**GIVEN INFORMATION:**

Content starts

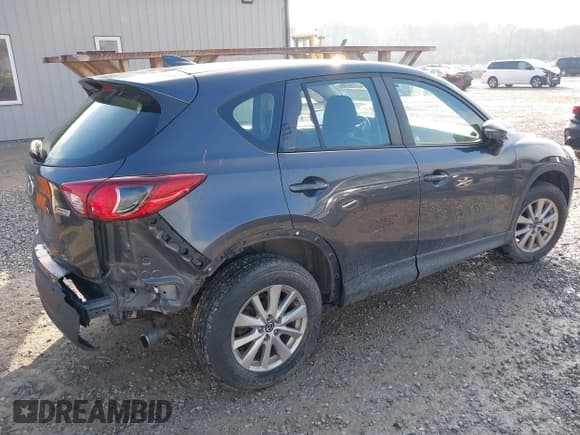 ✅ 2016 Mazda CX-5 Sport • VIN: JM3KE4BY9G0784667 • Lot: 43737851. Listed on IAAI with 151,569 mi. Free auction sales archive from the USA and detailed vehicle history report at DreamBid. Image 4.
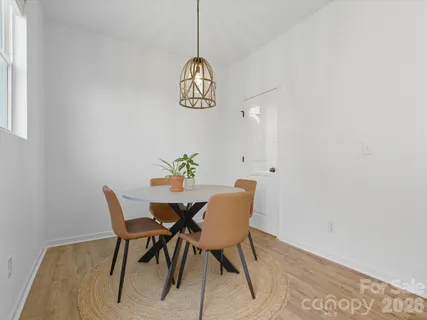 a view of a dining room with a table and chairs
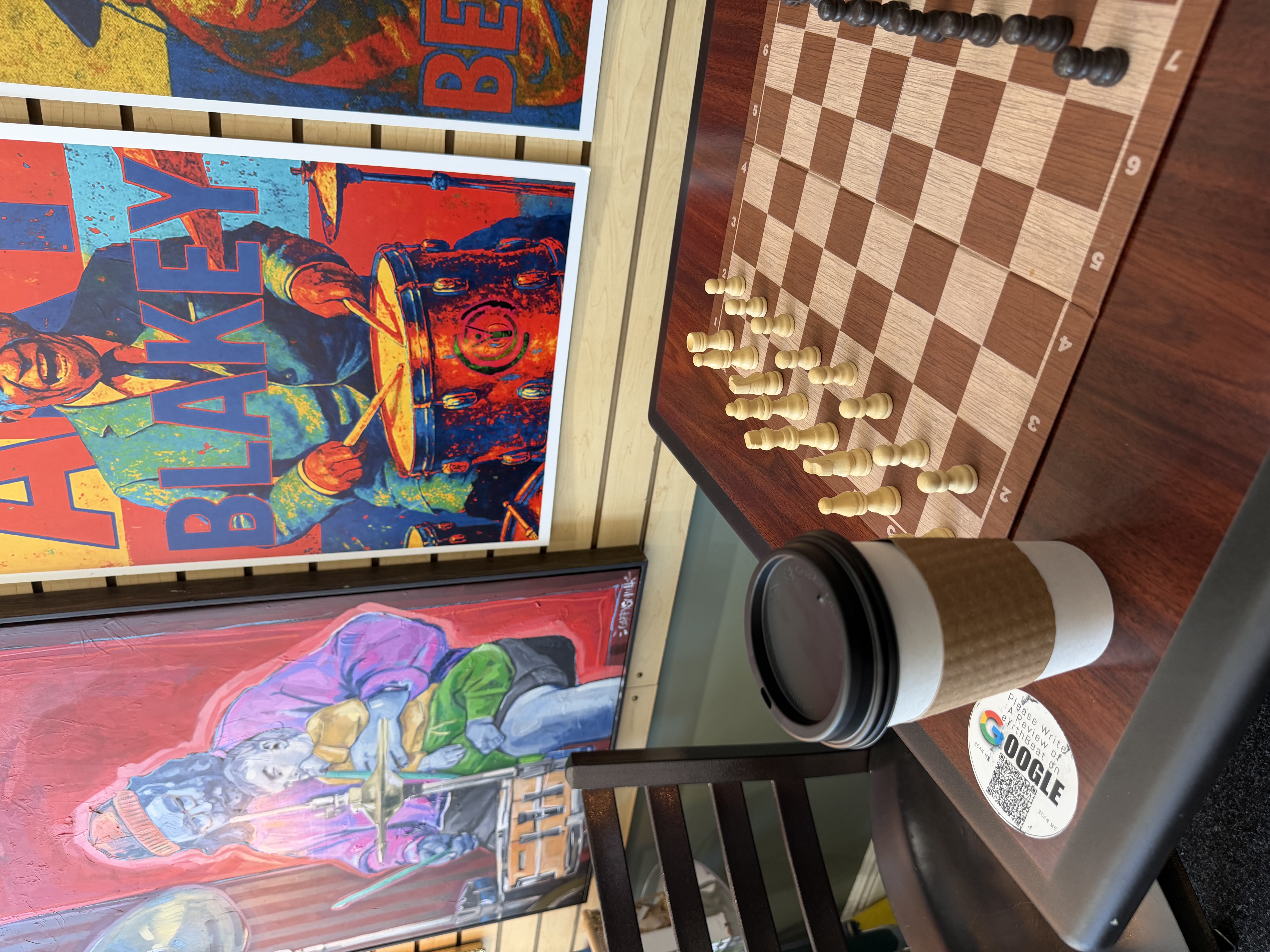 A chess table and colorful art inside eYrthBeat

Content ends

**ABOUT THIS EXERCISE:** Repeat the material above in full and unchanged, minus its images.

**ANSWER FOR THE TASK:**
 ✅ 2016 Mazda CX-5 Sport • VIN: JM3KE4BY9G0784667 • Lot: 43737851. Listed on IAAI with 151,569 mi. Free auction sales archive from the USA and detailed vehicle history report at DreamBid. Image 4.
 a view of a dining room with a table and chairs
 A chess table and colorful art inside eYrthBeat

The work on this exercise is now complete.